A proposito dello sfizio più amato dagli italiani, da oggi e fino al 1° maggio Ascoli, che del fritto è la patria, ospiterà la kermesse più famosa d’Italia ad esso dedicata, “Fritto Misto”, da 13 anni occasione ghiotta per fare un giro del mondo con i vari tipi di fritture immersi nell’incanto di rue e piazze dall’antico fascino medievale. E magari conoscere un po’ di più questo tipo di cottura che se forse è poco amata da chi vuole restare in forma, magari con l’olio d’oliva e a piccole dosi, eleva l’umore e bene quindi fa allo spirito. Al corpo di conseguenza. Ma, si diceva, che fritta è buona ogni cosa.

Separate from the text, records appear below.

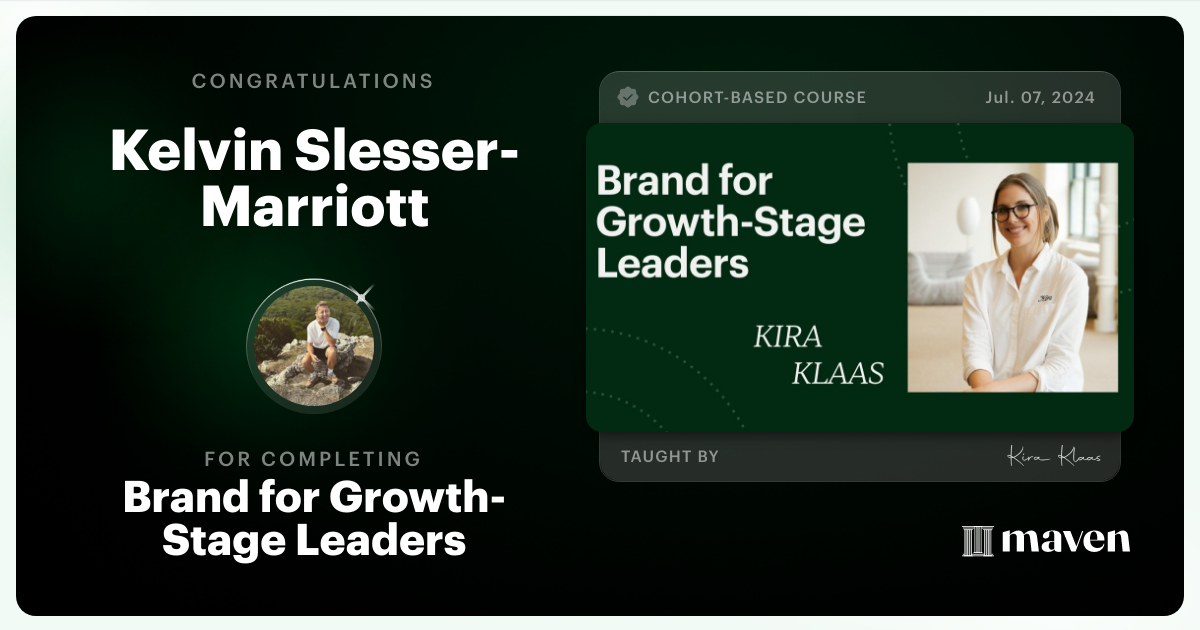 Certificate of Completion for Brand for Growth-Stage Leaders: The 2026 Playbook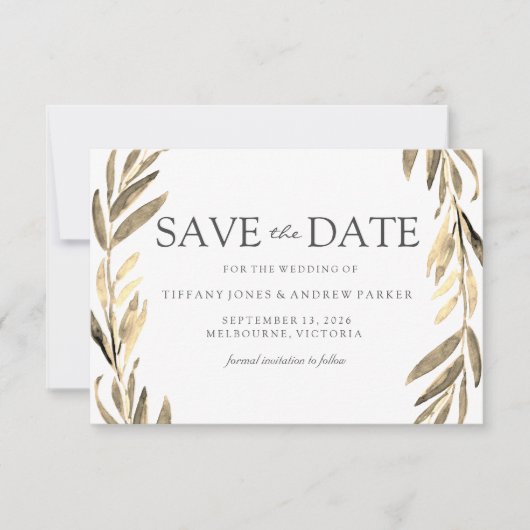Modern Golden Leaf redt de datum Save The Date (Voorkant)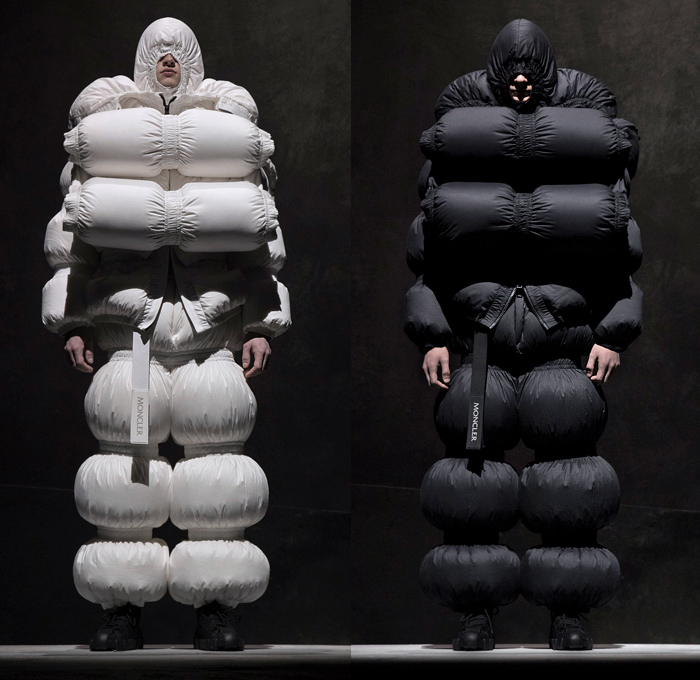 Moncler 5 Craig Green 2018-2019 Fall Autumn Winter Lookbook Presentation - Milano Moda Donna Collezione Milan Fashion Week Italy - Moncler Genius Project Arctic Alpine Black White Oversized Quilted Waffle Puffer Puffa Down Jacket Bubble Padded Parka Outerwear Coat Hoodie Cinch Straps Mountaineering Exoskeleton Beetle Pillow Comforter Antennae Samurai Warrior Tubes Stripes Ridges Inflatable Lifesaver Floatation Dimensional Sculptural Futuristic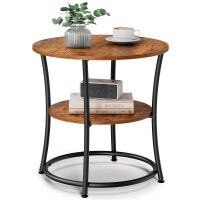 VASAGLE Beistelltisch rund Spanplatte braun 55,0 x 55,0 x...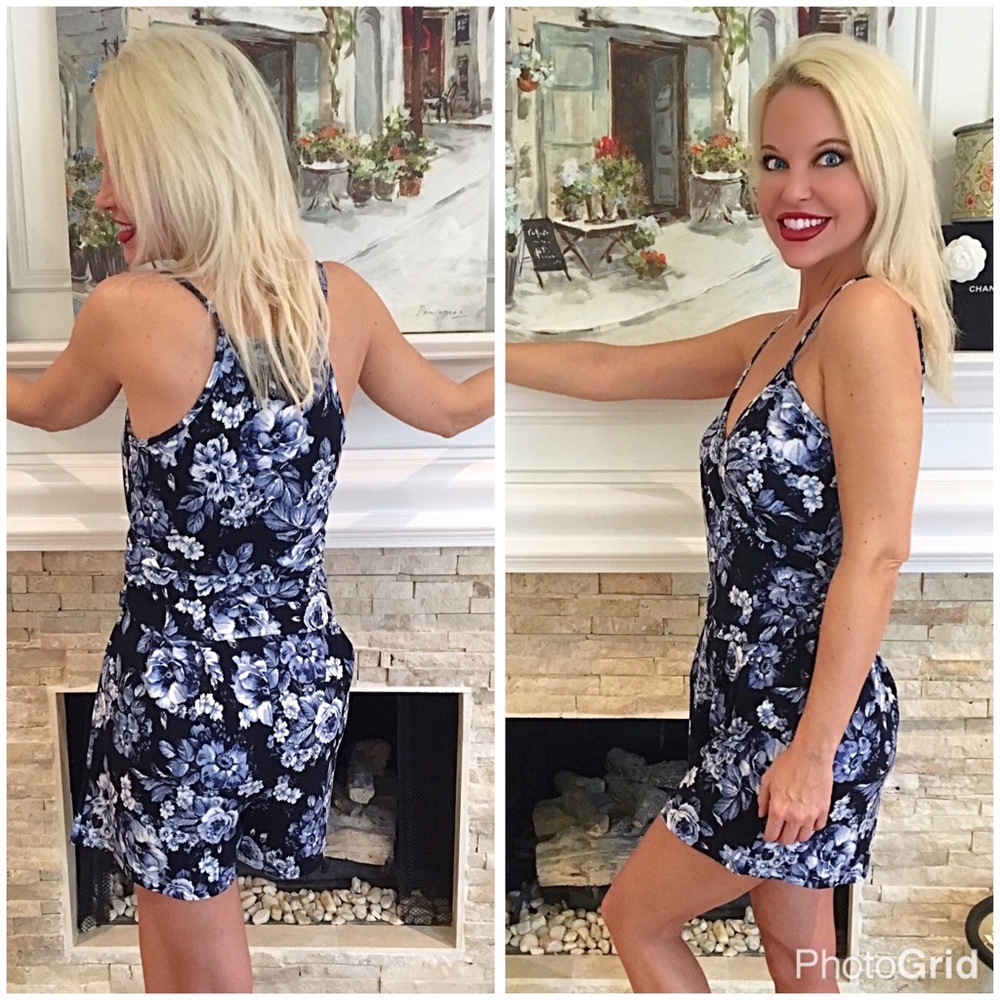 Obsessed with this blue floral romper! LAST ONE - Picture 2 of 2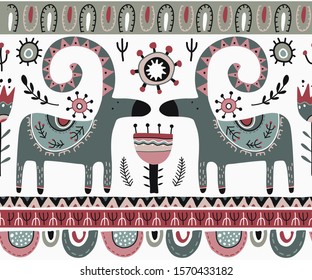  Vector sin fisuras en estilo escandinavo. Hermoso adorno norte con cabras, flores, plantas. Interminables antecedentes navideños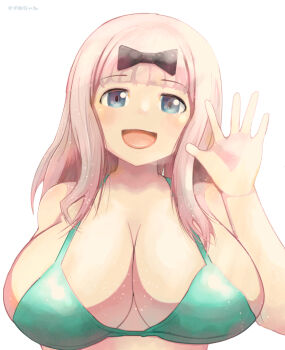 1girl amasuzume bikini black_bow blue_eyes bow breasts fujiwara_chika hand_up kaguya-sama_wa_kokurasetai_~tensai-tachi_no_renai_zunousen~ large_breasts looking_at_viewer open_mouth pink_hair salute swimsuit white_background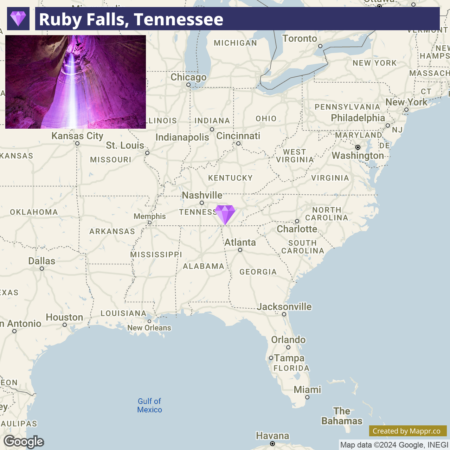 A map highlighting Ruby Falls, Tennessee, with a small image of the illuminated falls in the corner.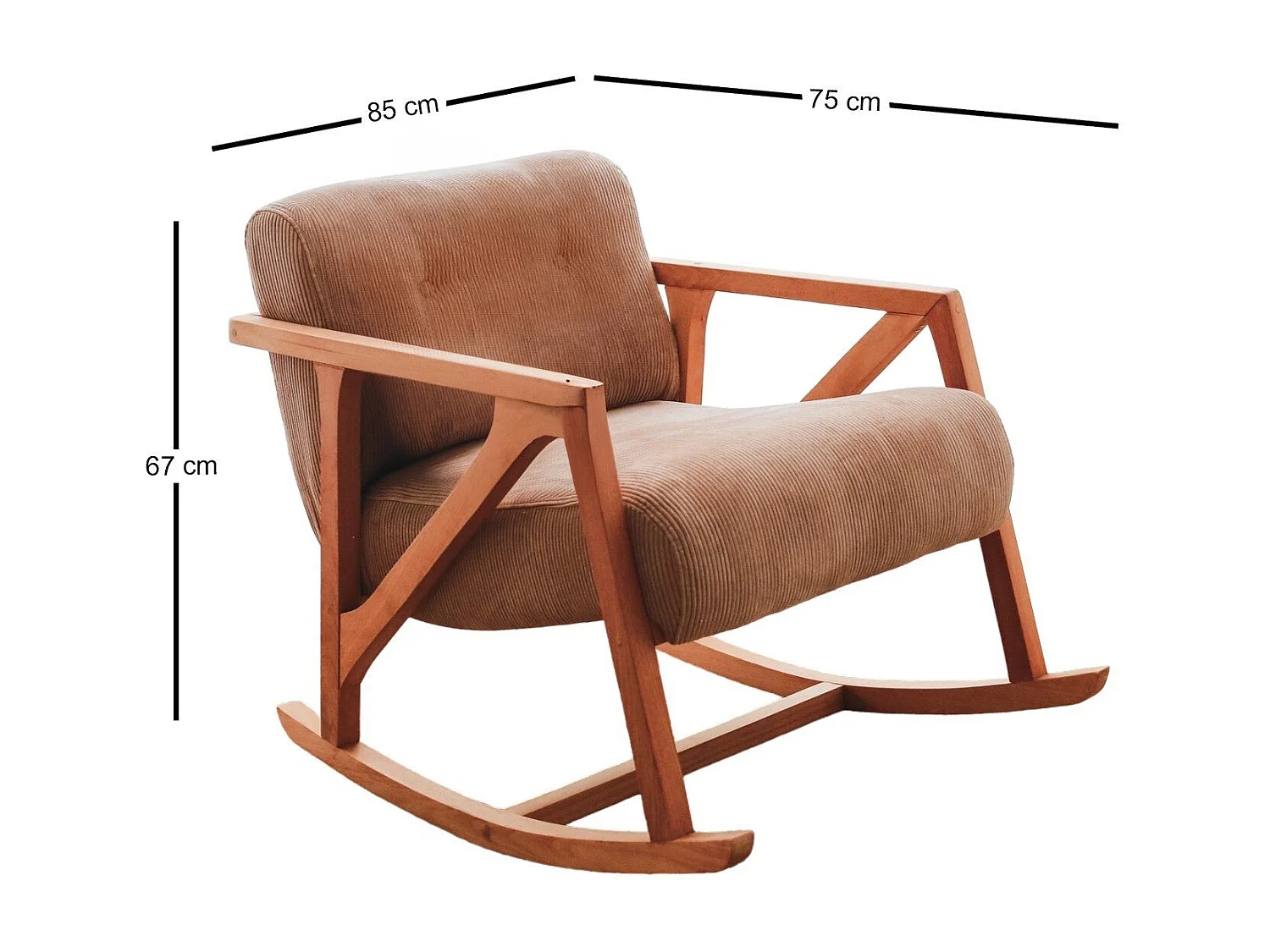 Mecedora Altadena 539, De color marrón claro, 67x85x75cm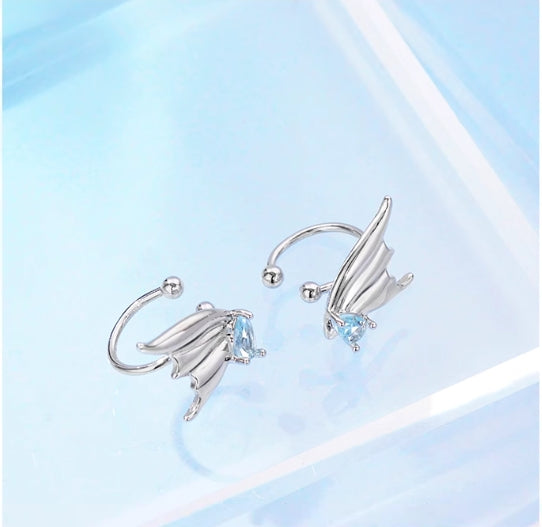 Original Streamer's Fin Ear Clamp, sweet and cool fish tail hot girl niche design, cool style, no pierced ear clip for women, Streamer's Fin Ear Clamp + Streamer's Fin Sterling Silver Earrings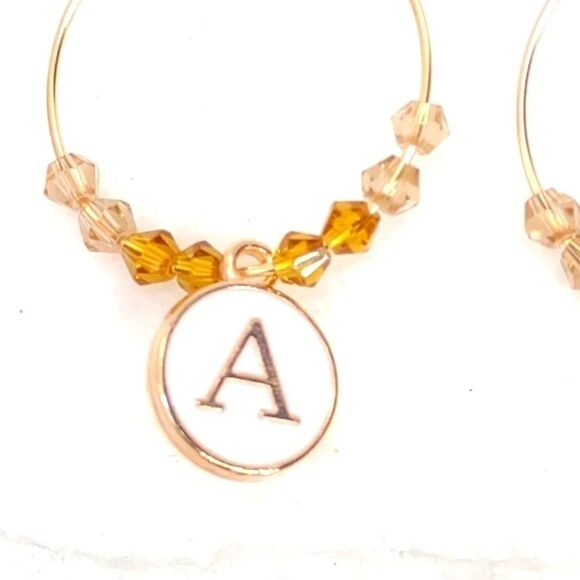 Initial Charm Earrings Gold and White - Picture 4 of 10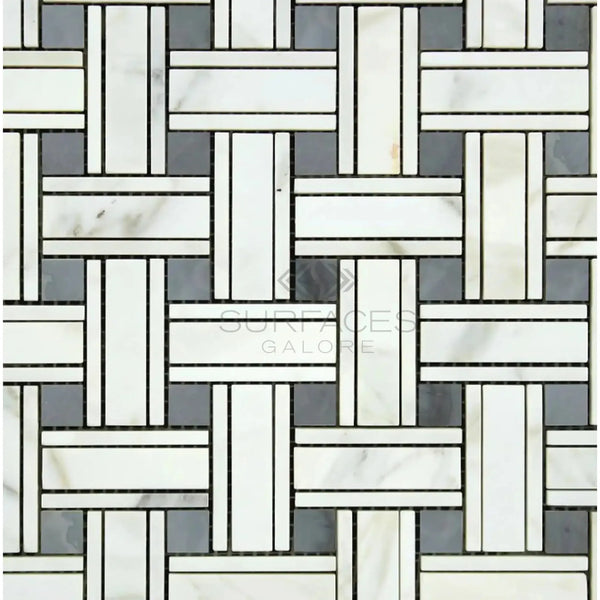 Woven pattern of white and gray marble tiles in Calacatta Gold Triple-Weave Mosaic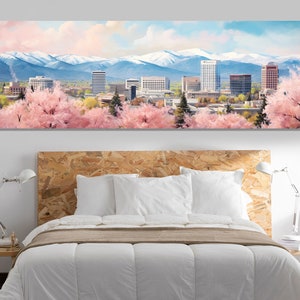 Stunning Boise Canvas Print, Large Boise Downtown Painting, Vintage Boise Wall Art, Boise Wall Decor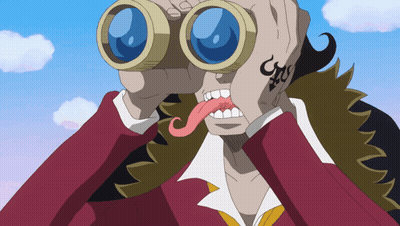 A Cartoon Character With A Tattoo On His Arm Looks Through Binoculars GIF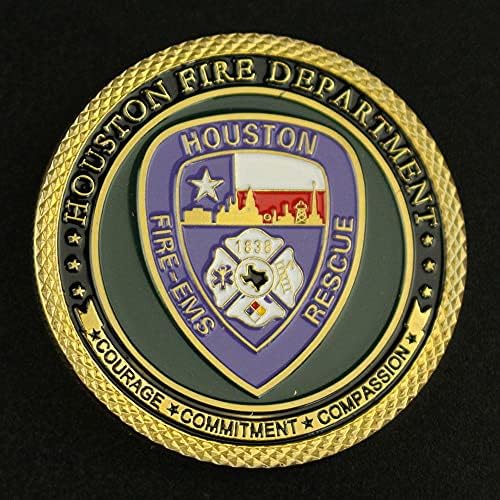 Egyesült Államok Houston Tűzoltóság Gyűjthető Golad Bevonatú Emlék Érme Gyűjtemény Művészeti Szent Flórián Emlékérme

Secondo la leggenda, anche una ciabatta. Figuriamoci le materie prime più buone, quelle a chilometro zero delle quali le Marche abbondano. In un rapido giro cominciamo dal mare per poi risalire. Un viaggio affascinante guidato dal nocchiero Federico Palestini - della Caserma Guelfa di San Benedetto - che come altri ottimi colleghi sarà tra i protagonisti in piazza Arringo. «Le origini del fritto - racconta scherzando - ? Che io ricordi la friggitoria di mio nonno, di fronte al mercato del pesce oggi piazza Pazienza a San Benedetto. Aveva affittato un androne, oggi che siamo bravi, si chiamerebbe street food. Ci friggeva le alici, le stesse che proporrò io con un filo di aceto balsamico. Perché per fare un buon fritto di paranza ce ne vuole. Innanzitutto dimenticatevi la vecchia “papalina”: con le leggi europee le reti sono così lasche che non si impigliano più o si rischiano multe salatissime. Al suo posto c’è chi serve all’occhio poco esperto, il pesce ghiaccio dell’Indocina. E poi attenzione anche ai calamari, schizzati a 20-30 euro al chilo, se costano troppo poco il prodotto importato è dietro l’angolo. Per stra tranquilli meglio andare sui roscioletti (le trigliette ndr) , i totanetti e le zanghette locali. Quelle chic presentano anche i gamberi rosa locali, non dell’Equador, e qualche merluzzetto. Tutta roba pescata qui davanti nel nostro mare. Un’altra volta poi racconterò della frittura ripassata, con cipolla e aceto, prelibatezza “del giorno dopo”, cara ai pescatori».

Dal mare in campagna, il passo è breve con i segreti della panatura raccontati da Sabatino Lattanzi del ristorante Zunica direttamente da Civitella del Tronto. Una sfida alla tempura che va tanto di moda e che a Fritto Misto si potranno confrontare. «La pastella è tutto - esordisce lo chef - d’altra parte il fritto deve fare allegria e cosa c’è di meglio delle coloratissime verdure? Friggo di tutto: foglioline di carote selvatiche e tarassaco, prezzemolo e pesce: ma faccio l’impasto di farina e acqua, lo faccio riposare in frigo così che s’incorpori il glutine per bene».

Ora, esaltare le doti di questa miscela altamente proteica ai giorni nostri, dichiarati ufficialmente “gluten free”, può sembrare una bestemmia culinaria ma se non soffriamo di celiachia conclamata proviamo a realizzarla per stupire i nostri commensali. «Dopo 24 ore l’impasto madre lievita - dice trionfalmente Sabatino - e si possono dorare le verdure: più sono “lisce” all’esterno e più questa pastella deve essere liquida». Mentre alla fatidica domanda “limone sì o no” che da sempre tormenta gli appassionati di questa cottura, la risposta del nostro chef non lascia scampo.

«No - chiude il nostro Virgilio della cucina gourmet - il limone non va utilizzato sulla frittura ma non perché sia scorretto il tentativo di sgrassare. Anzi. Al contrario perché quelle gocce, delicate e cristalline quando finiscono sulla doratura la rendono molle, smontando tutto il fascino della frittura che sta nella sua croccantezza e se noi gliela togliamo tanto vale bollire o passare al forno la nostra pietanza». Forti di questa ultima convinzione, insomma, ora abbiamo ottenuto tutti gli elementi per riconoscere un fritto di qualità. Insomma «siamo fritti» e possiamo avvicinarci alla kermesse più importante d’Italia. Regalandoci poi anche un weekend di cultura e un salto al mare, sulla Riviera delle palme.